The Week-Ender

IN the times of Henry VII, the story runs, there lived in Swaffham Market, in Norfolk, a pedler named John Chapman. Having dreamed one night that, if he went up to London, on London Bridge he would meet a man who would bring him good news, and being unable to get this dream out of his mind, he presently betook himself to London, and all day long walked to and fro on London Bridge. At length a shopkeeper, noting his strange behavior, asked him the meaning of it, and the honest pedler told him his dream.

‘Ah!’ said the shopkeeper, ‘had I taken account of dreams, I might have seemed as much a fool as you; for only the other night I dreamed that in a place called Swaffham Market, in Norfolk, there lives a pedler named John Chapman, who has a tree in his backside, under which is buried a pot of gold.’

The pedierhumbly acknowledged the folly of such behavior and forthwith returned home. There he lost no time in digging under the tree in his backside, and in very truth found just such a pot of gold as the shopkeeper had dreamed of, whereby he lived in plenty the rest of his days.

It must be evident that, under some subtle influence, — a dream, an invitation, or a prospectus, — John Chapman went off for a week-end, and came back from it with his eyes opened to new possibilities at home. Every weekender knows that many a problem insoluble on a Friday will yield to treatment on a Tuesday.

Just as the provincial pedler turned for his holiday to the metropolis, the metropolite naturally seeks his in remote rural solitude. It is my hard lot to spend a part of my summer breadwinning in the stifling city, and to have only the week-ends with my family in the country. Between the scene of my labors and the bosky isle which they inhabit lie four hundred miles of rail, with which my weekly journeys have now made me reasonably familiar. And what with four days and three nights in town, and four nights and three days out of it, I sometimes hardly know which is the week and which the week-end.

I write this memoir on the way back from one of these tranquil retreats from the bustling world. This morning I did nothing at all that I remember, except rise at six, help anchor and beflag the stake-boat and the finish-boat for a regatta, act as announcer for the opening events, drive a launch in the procession, compete in a boat-race, and paddle violently in three hot canoedashes, besides communing with nature in the intervals. We had just time for lunch before I left for the train; and now, rested and refreshed, I am returning to the busy city, eager to participate again in its fervid life.

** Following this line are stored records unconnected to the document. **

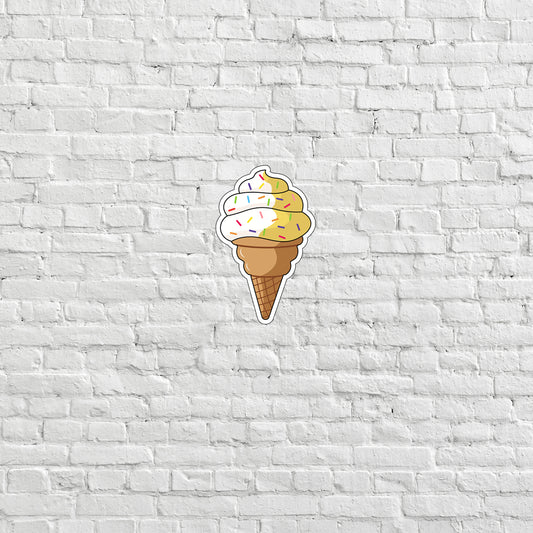 a sticker of a ice cream cone on a white brick wall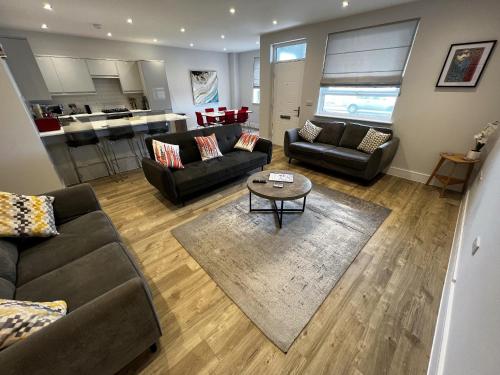 un soggiorno con divani e tavolo e una cucina di Colonels Apartment - Pet friendly a Sandown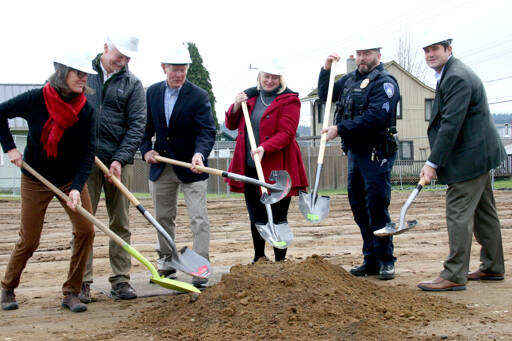 From left to right, donors Ann Soule and Dave Shreffler, Clallam County commissioner Randy Johnson, Peninsula Behavioral Health (PBH) CEO Wendy Sisk, PBH Board President Dave Arand and Port Angeles City Manager Nathan West break ground for PBHs new housing project, North View. Once completed next December, North View will have 36 units available to provide permanent, supportive housing for those who have experienced chronic homelessness. (Emma Maple/Peninsula Daily News)
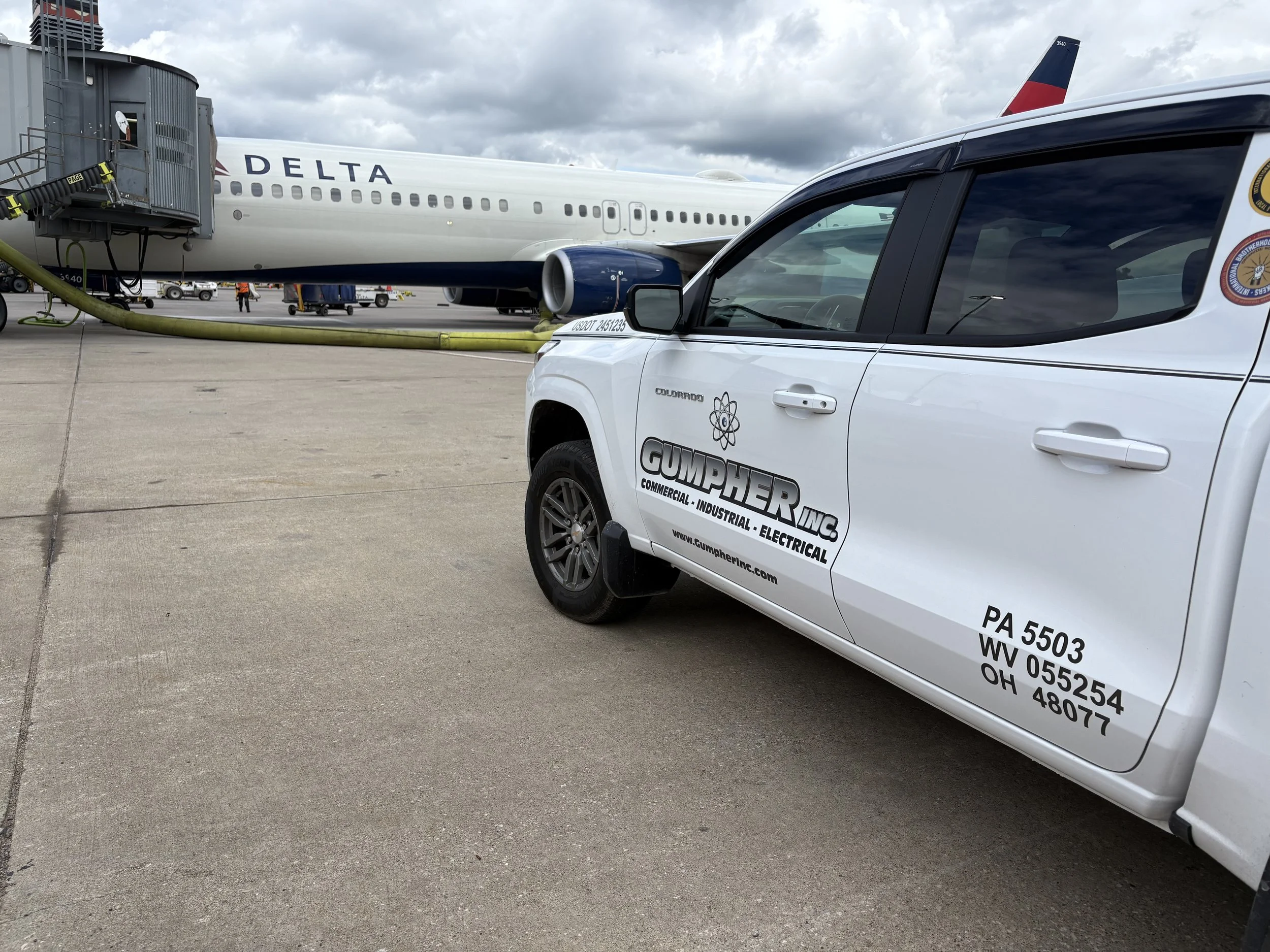 Commercial airplane parked at the airport gate connected to jet bridge, with service vehicle in the foreground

It is no great inconvenience for the island household to have me ply between it and the marts of trade, and I sometimes prove very useful indeed as a sort of pony express. Week-enders I believe always carry candy, melons, or green corn; but my supreme exploit in transportation was the night I staggered backwards off the steps of a moving station bus, with a large suitcase, a box of candy, and a seven-foot beach umbrella in my otherwise empty hands. Of course, I added a basket of fruit before venturing on the train. John Chapman himself can hardly have returned from London heavier laden.

I went week-ending once in Egypt, years ago, with a plum-cake, and a basket of vegetables — the leeks and onions of Egypt — so huge that, it and I occupied an entire compartment of the Fayum train. Something like this happened last summer, when I was escorting north a wooden ash-stand perhaps two feet high, in the form of a negro waiter. The person who sold him to me asked me where he was to stand; and when I said on the porch of a summer cottage, she answered brightly, ‘ Then this will be just the thing. You know you want a touch of color.’ But when packed and boxed, my touch of color proved too bulky to go under the berth, nor could his congener, the porter, find room for him in his closet or in the vestibule; and in the end he did in simple fact occupy an upper all by himself, even as I.

Why is it that the week-ender, no matter how high-minded, thus unfailingly degenerates into a beast of burden? Are there not express companies and parcel-posts? Yet who cares for what they bring? A commonplacelooking bundle is pushed at you over the post-office counter: it must be those bathing-shoes come at last, when the interest felt in ordering them has evaporated. But to arrive at the island before breakfast, bringing out of one’s pack things ordered, or, better, unexpected — this has about it something of Santa Claus and the Swaffham pedler combined. The things you bring are the spoils of your hunting; you have somehow wrung them out of the vast impersonal city, and you come bringing them in an elemental sort of triumph. Your arrival becomes an event.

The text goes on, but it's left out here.